I love the little Jack tushie at the door looking out! So so cute!!


----------



## mintchip (Apr 19, 2007)

Wyndward Havanese said:


> I love the little Jack tushie at the door looking out! So so cute!!


me too!


----------



## mimismom (Feb 15, 2009)

Cute pictures Linda!! I am glad you are having a great time with your two!


----------



## marjrc (Jan 13, 2007)

Great pictures, Linda! Yes, I also had to have my camera on hand - still do, after 3 yrs.!! - for when my boys would interact. It is fascinating and I am still soaking it all up. You will have many years of wonder and fun ahead.

Dexter's coat is beautiful!


----------



## HavaneseSoon (Nov 4, 2008)

Off and running!


----------



## luv3havs (Jul 27, 2007)

Oh my, that picture of Jack running is just adorable!


----------



## Evye's Mom (Dec 16, 2008)

Awwww...little baby running Hav hair.


----------



## Wyndward Havanese (May 9, 2008)

LOL! I have about 1000 pictures of Jack in that position! He's such a cutie patootie!!

I love that you can still see his eyelashes, even on the move!

Give the little man (and Dexter) a kiss from me!


----------



## HavaneseSoon (Nov 4, 2008)

Dexter and Jack are doing some serious communicating (dog language stuff). 

Dexter is slowly learning when to stop the rough housing or Jack will not play with him.

Jack is wonderful at communicating. 

Jack found Dexter's tail. 

Whatever Dexter has Jack has to have, it doesn't matter if there are two of the same things laying around. If it is in Dexter's mouth, Jack is going to get it. This is when the play will start....that is....if Dexter has a toy.

Oh! Jack will sit! Working on the down position.

It is really challenging to train Jack with Dexter looking on and you end up training them both at the same time. 

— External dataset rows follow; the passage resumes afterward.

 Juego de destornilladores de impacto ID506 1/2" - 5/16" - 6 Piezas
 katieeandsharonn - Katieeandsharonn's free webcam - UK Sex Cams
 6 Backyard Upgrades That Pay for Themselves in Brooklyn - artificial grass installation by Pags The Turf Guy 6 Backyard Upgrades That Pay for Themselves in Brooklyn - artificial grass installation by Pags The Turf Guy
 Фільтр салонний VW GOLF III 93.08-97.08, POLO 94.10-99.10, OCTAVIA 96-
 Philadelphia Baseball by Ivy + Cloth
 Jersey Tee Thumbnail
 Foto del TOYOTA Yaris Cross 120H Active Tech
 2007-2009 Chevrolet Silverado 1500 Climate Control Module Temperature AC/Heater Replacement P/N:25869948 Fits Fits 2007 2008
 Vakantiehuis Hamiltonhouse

I am sooooooooooooooooooooooo glad they both nap at the same time!


----------



## Wyndward Havanese (May 9, 2008)

Aww! Sounds like they are getting along so well! Puppies are great communicators! Especially when they are fresh from their litter and they've been taught good doggie manners by their doggy mom. 8) Jersey is a stickler for good behavior and doesn't tolerate naughty little heathen puppies! 

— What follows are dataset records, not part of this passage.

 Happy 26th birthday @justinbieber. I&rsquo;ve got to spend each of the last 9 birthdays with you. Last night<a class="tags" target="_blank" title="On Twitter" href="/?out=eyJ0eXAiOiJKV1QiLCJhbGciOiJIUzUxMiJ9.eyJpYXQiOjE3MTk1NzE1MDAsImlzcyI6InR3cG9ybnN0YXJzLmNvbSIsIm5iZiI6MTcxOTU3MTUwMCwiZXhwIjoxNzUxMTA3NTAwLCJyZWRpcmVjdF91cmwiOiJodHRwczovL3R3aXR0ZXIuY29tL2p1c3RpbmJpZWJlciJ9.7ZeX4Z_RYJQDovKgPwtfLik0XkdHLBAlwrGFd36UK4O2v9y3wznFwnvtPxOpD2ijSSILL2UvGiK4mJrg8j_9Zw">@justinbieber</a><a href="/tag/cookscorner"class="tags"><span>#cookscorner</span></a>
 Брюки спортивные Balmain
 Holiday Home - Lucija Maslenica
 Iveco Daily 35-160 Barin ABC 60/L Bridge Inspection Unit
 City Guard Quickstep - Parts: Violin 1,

So sweet of Dexter to be so generous and share his toys with the little guy. 8)


----------



## LuvCicero (Mar 31, 2008)

Linda, I love the pictures. You have two really cute furbabies. You are going to have to hang that camera around your neck and learn to snap really fast. I hope you enjoy every minute!!


----------



## HavaneseSoon (Nov 4, 2008)

I just knew in my heart that Dexter would be happier if he had a pal around the house besides up chasing him around the house. 

I never knew in my wildest dreams that having two would be easier to train than just having one pup.

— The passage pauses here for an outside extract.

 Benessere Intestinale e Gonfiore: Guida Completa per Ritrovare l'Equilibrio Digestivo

I actually took my dh camera (it takes pictures faster). You know....It takes at least 20 pictures to get a decent picture though....I have some pictures....but, not the greatest backgrounds (puppy pee pads, grooming table, Wii board, laundry basket...toys...). The camera sits right next to me to snap up nd to remind to take pictures.

Jack was 4.9 lbs. last week. Jack is growing fast!


----------



## Mraymo (Oct 30, 2007)

I love Jack's coloring, it will be fun to watch him grow and see his color changes. Dexter is such a handsome boy, he's getting to be all grown up. So glad your enjoying having two.


----------



## pjewel (Apr 11, 2007)

He is adorable. It's always fun watching them interact with each other and their humans.


----------



## HavaneseSoon (Nov 4, 2008)

*Lots of Rough Housing*

Lots of rough housing, lots of communication skills being shown. Dexter and Jack know where to hide when enough is enough.

I have got to get use to the noise because I know they will wear each other out and then it is good naps coming.


----------



## motherslittlehelper (Mar 18, 2010)

Slowly coming out of 'lurk' mode here. Since I found the forum, I have watched your posts about Dexter with interest as my Augie and your Dexter are very close in age. We have been contemplating adding a second Hav as well so will be following your posts about your boys with increased interest. What a handsome boy Dexter is and baby Jack is absolutely adorable. And lucky him to have found such a great home with a wonderful big brother to show him the ropes and play with. Congratulations on the addition to your family.


----------



## HavaneseSoon (Nov 4, 2008)

Thank you Linda. The rough housing today was better with Dexter and Jack with less noise. Dexter has someone to play with now. Dexter was wearing me out!

For some reason, I wanted to get my my dog before Dexter was 2 years. Maybe I wanted a lot of play and youth still capable of coming out of Dexter....I just knew he had it in him.

Linda, Augie is beautiful! You can see a lot of Augie's colors when he was a baby! Pretty! Pretty!


----------



## HavaneseSoon (Nov 4, 2008)

I like pictures!


----------



## Evye's Mom (Dec 16, 2008)

HavaneseSoon said:


> I like pictures!


We do too !! He is just so gorgeous. His coloring and markings are unbelievable.


----------



## pacehavi (Oct 20, 2008)

Gorgeous picture! I love the white blaze.


----------



## Me+Sydney (Mar 5, 2010)

Look at that little face - amazing colouring! (And awfully cute too!)


----------



## HavaneseSoon (Nov 4, 2008)

Jack is now greeting me at the door with lots of excitement. Dexter is the alarm at the window either barking or whimpering with excitement...and Jack just looks at him thinking...something is happening.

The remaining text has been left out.